Sem os favoritos nos 400 metros, o Mundial de Edmonton, no Canadá, abriu espaço para a vitória de dois desconhecidos do grande público: Avard Moncur, das Bahamas, e Amy Mbacke Thiam, do Senegal. O reinado do texano Michael Johnson na distância durou seis anos, até o Mundial de Sevilha, em 1999. Entre as mulheres, com a ausência da australiana campeã olímpica Cathy Freeman e a contusão da inglesa Katharine Merry, os 400 m passou a ser uma prova aberta, permitindo a Amy, de 23 anos, dar ao Senegal o primeiro ouro feminino.Desde 87, em Roma, quando o alemão Thomas Schoenlebe ganhou os 400 m, só os Estados Unidos levaram o ouro na prova de uma volta completa na pista.
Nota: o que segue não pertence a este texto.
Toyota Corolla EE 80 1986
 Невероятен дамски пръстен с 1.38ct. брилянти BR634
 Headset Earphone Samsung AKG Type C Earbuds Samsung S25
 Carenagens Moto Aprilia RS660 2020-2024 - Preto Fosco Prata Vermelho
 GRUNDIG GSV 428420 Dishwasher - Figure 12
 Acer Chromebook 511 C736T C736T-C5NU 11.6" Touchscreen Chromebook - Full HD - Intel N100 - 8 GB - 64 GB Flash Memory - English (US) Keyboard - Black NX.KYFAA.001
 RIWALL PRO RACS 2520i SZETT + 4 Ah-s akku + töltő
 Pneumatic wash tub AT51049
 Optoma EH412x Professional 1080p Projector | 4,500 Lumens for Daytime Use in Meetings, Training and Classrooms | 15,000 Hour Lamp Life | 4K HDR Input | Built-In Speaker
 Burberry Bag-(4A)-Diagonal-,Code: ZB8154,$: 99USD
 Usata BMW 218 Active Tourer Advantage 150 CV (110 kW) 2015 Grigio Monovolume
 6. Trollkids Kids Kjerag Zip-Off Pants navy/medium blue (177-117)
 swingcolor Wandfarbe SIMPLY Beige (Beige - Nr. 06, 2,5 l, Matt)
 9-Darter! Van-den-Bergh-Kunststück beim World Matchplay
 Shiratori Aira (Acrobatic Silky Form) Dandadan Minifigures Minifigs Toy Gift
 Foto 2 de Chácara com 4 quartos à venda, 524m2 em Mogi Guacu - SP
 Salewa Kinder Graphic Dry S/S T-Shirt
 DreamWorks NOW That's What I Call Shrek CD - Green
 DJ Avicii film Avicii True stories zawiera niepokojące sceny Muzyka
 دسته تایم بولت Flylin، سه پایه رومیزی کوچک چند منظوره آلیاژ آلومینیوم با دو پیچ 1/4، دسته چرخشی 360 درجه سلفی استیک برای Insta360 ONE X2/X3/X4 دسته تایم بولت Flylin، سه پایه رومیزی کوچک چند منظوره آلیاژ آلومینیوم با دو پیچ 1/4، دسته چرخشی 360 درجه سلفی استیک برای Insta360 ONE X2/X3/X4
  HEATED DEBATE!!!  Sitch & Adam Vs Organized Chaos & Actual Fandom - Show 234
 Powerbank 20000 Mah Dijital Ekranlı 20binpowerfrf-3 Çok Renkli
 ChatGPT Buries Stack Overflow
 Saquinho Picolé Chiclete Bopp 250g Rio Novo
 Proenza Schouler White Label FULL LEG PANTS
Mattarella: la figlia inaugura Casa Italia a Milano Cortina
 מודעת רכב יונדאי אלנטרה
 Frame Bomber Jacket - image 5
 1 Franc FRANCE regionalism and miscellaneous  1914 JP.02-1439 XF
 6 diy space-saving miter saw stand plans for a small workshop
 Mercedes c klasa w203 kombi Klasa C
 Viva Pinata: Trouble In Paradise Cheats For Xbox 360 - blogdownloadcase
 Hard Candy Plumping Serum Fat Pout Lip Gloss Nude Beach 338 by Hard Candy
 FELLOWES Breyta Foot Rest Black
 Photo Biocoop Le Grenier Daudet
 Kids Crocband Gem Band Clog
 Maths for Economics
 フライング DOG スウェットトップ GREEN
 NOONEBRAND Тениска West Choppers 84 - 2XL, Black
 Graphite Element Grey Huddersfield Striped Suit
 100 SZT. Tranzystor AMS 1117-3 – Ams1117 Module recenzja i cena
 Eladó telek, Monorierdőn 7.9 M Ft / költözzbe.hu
Antonio Pettigrew ganhou em Tóquio, em 91, para então dar lugar ao reinado de Michael Johnson, que, além da medalha em Sevilha, ainda bateu o recorde mundial, com 43s18.Avard Moncur, de 22 anos, que marcou 44s64 nesta quarta-feira, ganhou destaque este ano após vencer o Meeting de Madri, com 44s45. A maior surpresa, porém, foi Amy, que não havia passado para as semifinais nem em Sevilha nem na Olimpíada de Sydney, em 2000. Sua vitória - em 49s86, recorde nacional - representou também o segundo triunfo do senegalês Lamine Diack, depois de ter sido confirmado presidente da poderosa Federação Internacional de Atletismo.Ilegal - Um outro doping foi divulgado em Edmonton nesta quinta-feira. Desta vez, o da atleta argentina Solange Witteveen, que será suspensa por dois anos por resultado positivo para o estimulante pemolina. Como os outros casos anunciados no Canadá, da brasileira Fabiane dos Santos e da canadense Venolyn Clarke, o exame foi feito fora do Mundial, no dia 19 de maio, no Campeonato Sul-Americano de Manaus.